In [6]:
# Import necessary libraries
from sklearn.datasets import load_breast_cancer
import numpy as np
from sklearn.model_selection import train_test_split
from sklearn.preprocessing import StandardScaler
from sklearn.impute import SimpleImputer

In [7]:
# Load the breast cancer dataset
X, y = load_breast_cancer(return_X_y=True)

In [8]:
# Split the data into features (X) and target (y)
X_train, X_test, y_train, y_test = train_test_split(X, y, test_size=0.2, random_state=42)

In [9]:
# Check for missing values
print("Missing values count:", np.sum(np.isnan(X)))

Missing values count: 0


In [10]:
# Impute missing values if any
imputer = SimpleImputer(strategy='mean')
X_imputed = imputer.fit_transform(X)

In [11]:
# Feature scaling
scaler = StandardScaler()
X_scaled = scaler.fit_transform(X_imputed)

In [12]:
# Print shapes to confirm preprocessing
print("Original shape:", X.shape)
print("Scaled shape:", X_scaled.shape)

Original shape: (569, 30)
Scaled shape: (569, 30)


In [13]:
if len(X_scaled) != len(y_train):
    print("Mismatch detected.

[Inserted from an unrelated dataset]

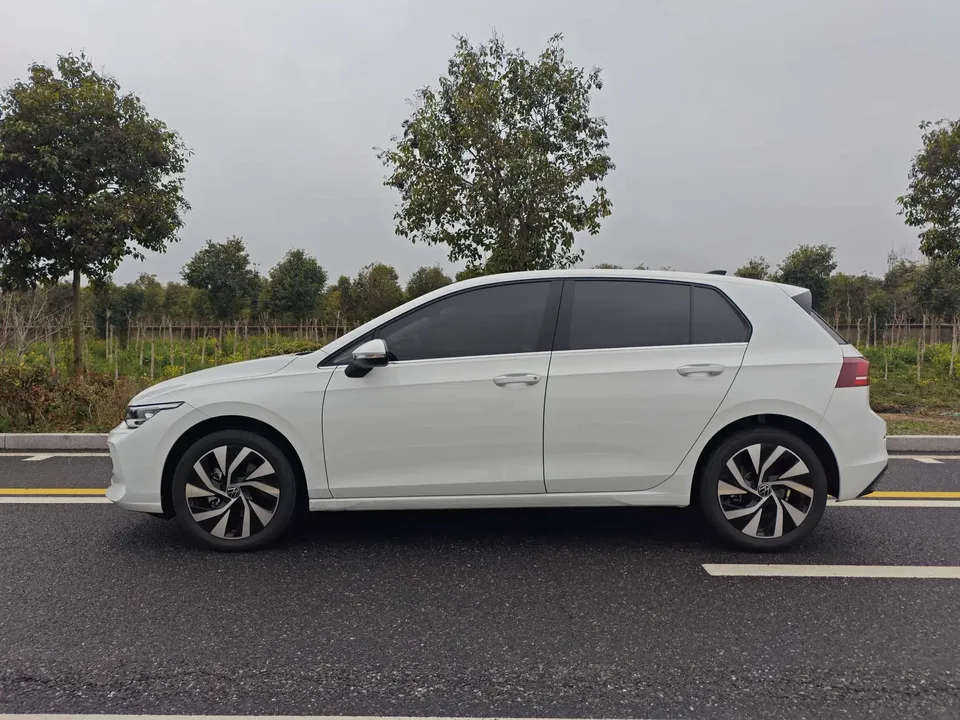 Volkswagen Golf 2026 Golf 300TSI Pro 2026 — миниатюра 3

Aligning sample sizes...")
    
    # Check which array has fewer samples
    if len(X_scaled) > len(y_train):
        X_scaled = X_scaled[:len(y_train)]
    elif len(X_scaled) < len(y_train):
        y_train = y_train[:len(X_scaled)]
    
    print(f"Adjusted shapes: X_scaled {X_scaled.shape}, y_train {y_train.shape}")
else:
    print("Sample sizes already aligned.")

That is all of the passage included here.